The Postclassical trading networks also needed the stability of established states to grow and expand. Stable kingdoms, caliphates, city-states, or empires assured merchants that the routes and the merchants themselves would be protected—which is why the wealthy merchants in Calicut could walk away from their cargoes knowing they would not be stolen. Stable polities also supported the technological upgrades that made trade more profitable— nautical equipment such as the magnetic compass and lateen sail, high-yielding strains of crops, and saddles to allow for the carriage of heavy loads of goods.

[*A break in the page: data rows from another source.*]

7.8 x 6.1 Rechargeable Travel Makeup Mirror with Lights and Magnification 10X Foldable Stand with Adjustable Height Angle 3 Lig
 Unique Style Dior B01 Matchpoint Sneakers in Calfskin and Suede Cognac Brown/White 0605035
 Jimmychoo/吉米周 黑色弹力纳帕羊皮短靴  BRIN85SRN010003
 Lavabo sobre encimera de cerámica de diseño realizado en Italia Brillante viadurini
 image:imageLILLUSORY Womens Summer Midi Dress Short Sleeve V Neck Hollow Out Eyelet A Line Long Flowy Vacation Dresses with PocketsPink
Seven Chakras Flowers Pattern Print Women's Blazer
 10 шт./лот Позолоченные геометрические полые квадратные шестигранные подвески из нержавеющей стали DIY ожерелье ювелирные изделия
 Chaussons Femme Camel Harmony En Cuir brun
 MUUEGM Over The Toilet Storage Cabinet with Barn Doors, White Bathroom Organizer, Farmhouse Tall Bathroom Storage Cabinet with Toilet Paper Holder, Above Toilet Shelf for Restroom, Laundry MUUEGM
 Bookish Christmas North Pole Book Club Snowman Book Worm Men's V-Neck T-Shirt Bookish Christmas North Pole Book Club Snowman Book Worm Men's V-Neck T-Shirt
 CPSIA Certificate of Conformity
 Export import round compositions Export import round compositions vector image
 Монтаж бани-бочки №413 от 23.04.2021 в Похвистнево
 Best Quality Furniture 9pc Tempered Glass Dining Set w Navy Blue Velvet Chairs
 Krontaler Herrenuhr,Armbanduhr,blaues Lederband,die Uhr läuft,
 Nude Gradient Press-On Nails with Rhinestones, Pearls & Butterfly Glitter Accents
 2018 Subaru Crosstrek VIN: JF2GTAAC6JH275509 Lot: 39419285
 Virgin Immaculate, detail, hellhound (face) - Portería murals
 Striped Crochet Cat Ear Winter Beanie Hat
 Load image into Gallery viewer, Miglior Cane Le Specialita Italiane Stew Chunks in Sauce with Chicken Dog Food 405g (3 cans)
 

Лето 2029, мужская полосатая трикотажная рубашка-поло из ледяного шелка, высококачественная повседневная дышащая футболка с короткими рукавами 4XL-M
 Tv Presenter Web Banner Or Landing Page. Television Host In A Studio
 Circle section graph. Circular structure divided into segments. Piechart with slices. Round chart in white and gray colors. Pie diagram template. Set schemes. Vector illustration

Purpose The trading networks shared an overall economic purpose: to exchange what people were able to grow or produce for what they wanted, needed, or could use to trade for other items. In other words, their purpose was primarily economic. However, as you have read, people exchanged much more than just products. Diplomats and missionaries also traveled the trade routes, negotiating alliances and proselytizing for converts. Together, merchants, diplomats, and missionaries exchanged ways of life as well as economic goods.
Effects All the exchange networks also experienced similar effects. Because of the very nature of a network—which can be described as a fabric of cords crossing at regular distances, knotted for strength at the crossings— the trade routes all gave rise to trading cities, the “knots” that held the network together.


The growth of trading cities gave rise to another effect of the trade networks: centralization. Malacca, for example, grew wealthy from the fees levied on ships and cargoes passing through the Strait of Malacca. To prevent piracy, Malacca used its wealth in part to develop a strong navy—an endeavor that required centralized planning. Trading cities along each of the trade routes underwent similar developments, using their wealth to keep the routes and the cities safe.
Another aspect of trade in the cities that encouraged centralization was the desire for a standardized currency. Widely accepted currencies sped up transactions and enabled merchants to measure the value of products.